The term “End-of-Life-Boats” is not generally used in the US where we are more likely to use the broader term “Abandoned and Derelict Vessels (ADV)”.
ADV’s include a variety of boats; trawlers and barges for example, as well as aging fiberglass boats that are seen as an additional challenge and compounding the problem.
They are getting attention, but it’s at the state and regional level rather than the national level.
“First generation fiberglass boats are now obsolete but there is no environmentally responsible way of disposing of them,” is how Professor Dennis Nixon, Rhode Island Sea Grant Director, sums up that challenge.
Run by the National Oceanic and Atmospheric Administration (NOAA), Sea Grant was created to harness the intellectual capacity of the nation’s universities to solve ocean, coastal, Great Lakes and island (hereby referred to as coastal) problems.
Professor Nixon has been investigating boat recycling and says: ‘I have learned so far that boat recycling will have to be subsidized in some way or owners will continue to use the cheapest methods possible: abandonment or disposal in landfills.

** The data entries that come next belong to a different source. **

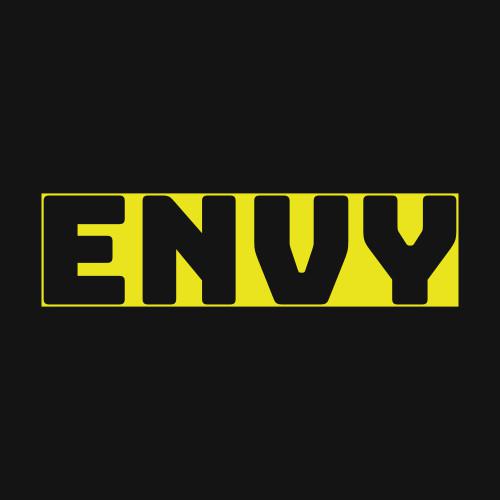 ENVY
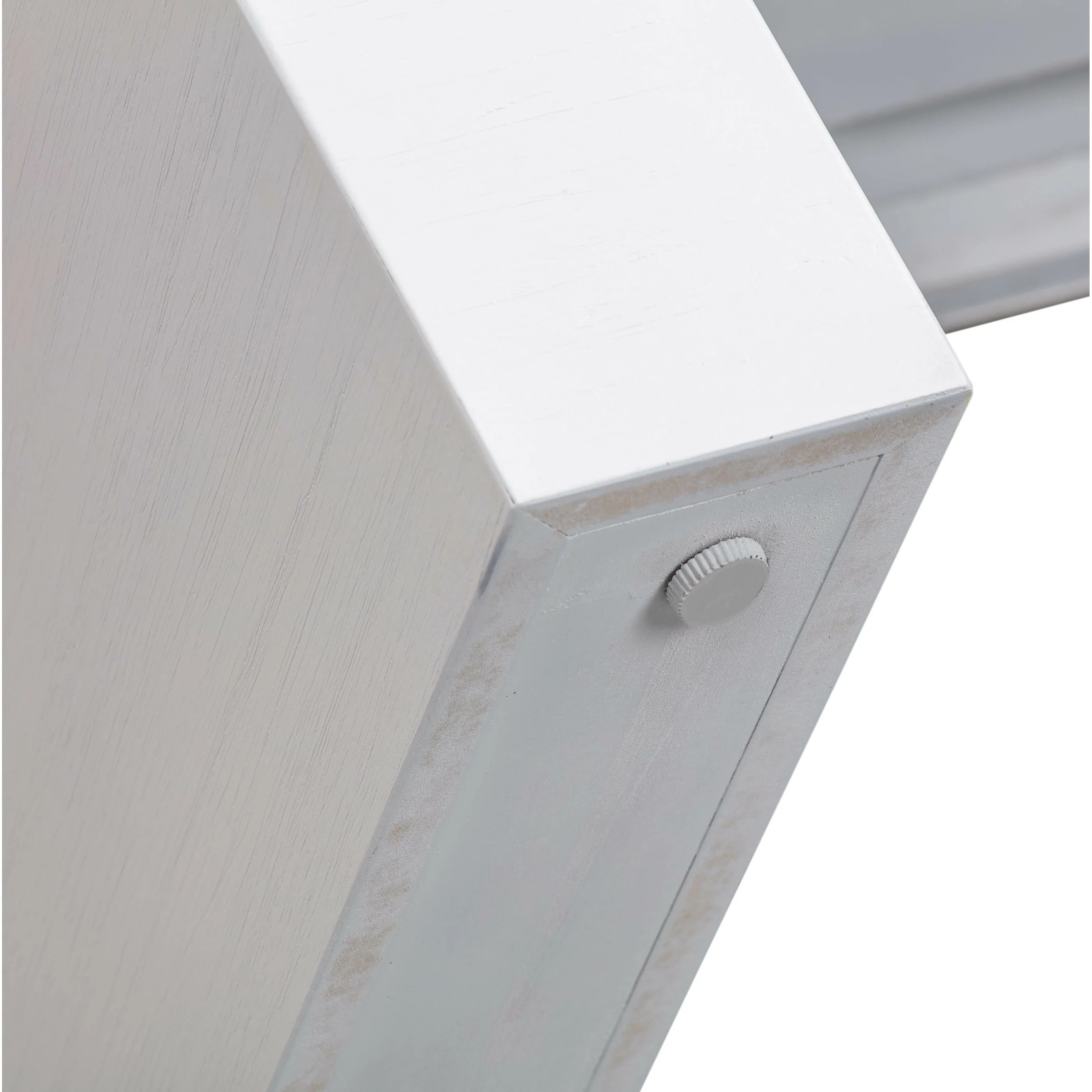 Hump Nightstand - Image 17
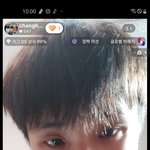 사진 <b>1</b>이 낫냐 <b>2</b>가 낫냐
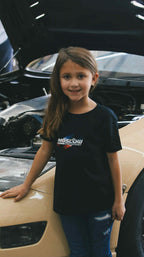 Make Your Mark Youth Tee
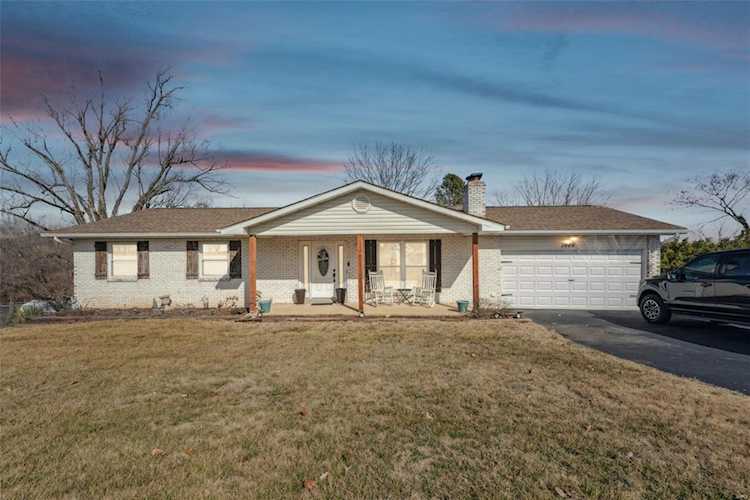 Festus, MO Homes for Sale See all Festus listings here!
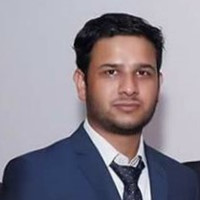 Ramesh Poudel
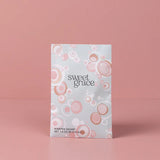 Sweet Grace Sachet | Modern Bubble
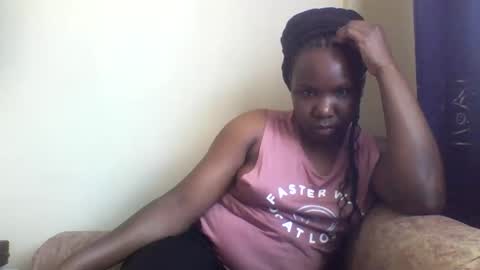 Honeymuny online show from November 28, 7:37 am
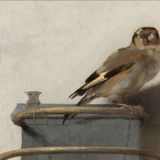 The Relationship Between Gender and Trauma in Donna Tartt's "The Goldfinch"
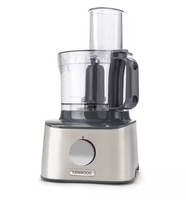 novo-uvozeni-izdelki/fdm301ss-2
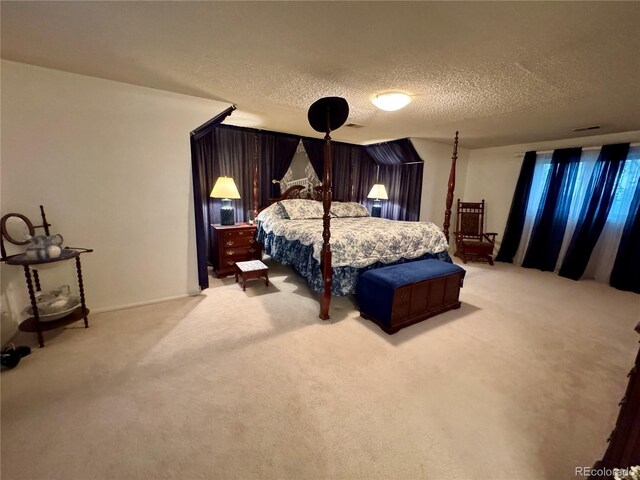 22400 County Road 10, Hudson, CO 80642 - photo 18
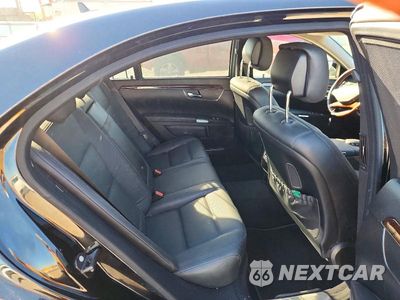 Zdjęcie 10 z 12 samochodu: 2010 MERCEDES-BENZ S 550 4MATIC VIN:WDDNG8GB7AA288768 - miniatura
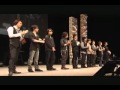 kuroshitsuji seiyuu event part 1 with sub ( in the description)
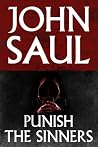 Punish the Sinners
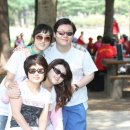 형치과병원 이미지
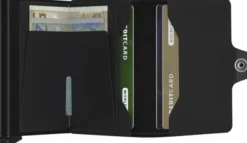 Twinwallet
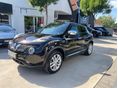 NISSAN JUKE 1.2 DIG-T Acenta Vezettet szervizes NAGYON SZÉP ÁLLAPOTBAN!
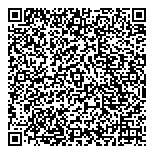 QR код "Автопрофи"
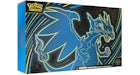 Buy and Sell Pokemon Trading Cards - StockX Buy and Sell Pokemon Trading Cards - StockX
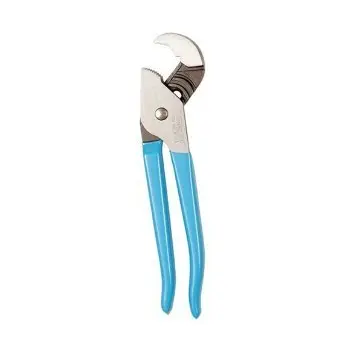 Channellock waterpomptang 300mm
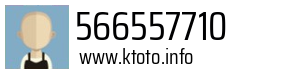 566557710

Although fiberglass is burned in waste-to-energy incinerators in France, and cement kilns in Germany, air quality rules in the US make that very unlikely here.”
He thinks that the best hope for shredded fiberglass is use in encapsulated insulation products, like the sheets commonly attached to the outside of building foundations.
But the cost of grinding, and then the cost of transporting the product to the manufacturing site, makes the business case pretty difficult.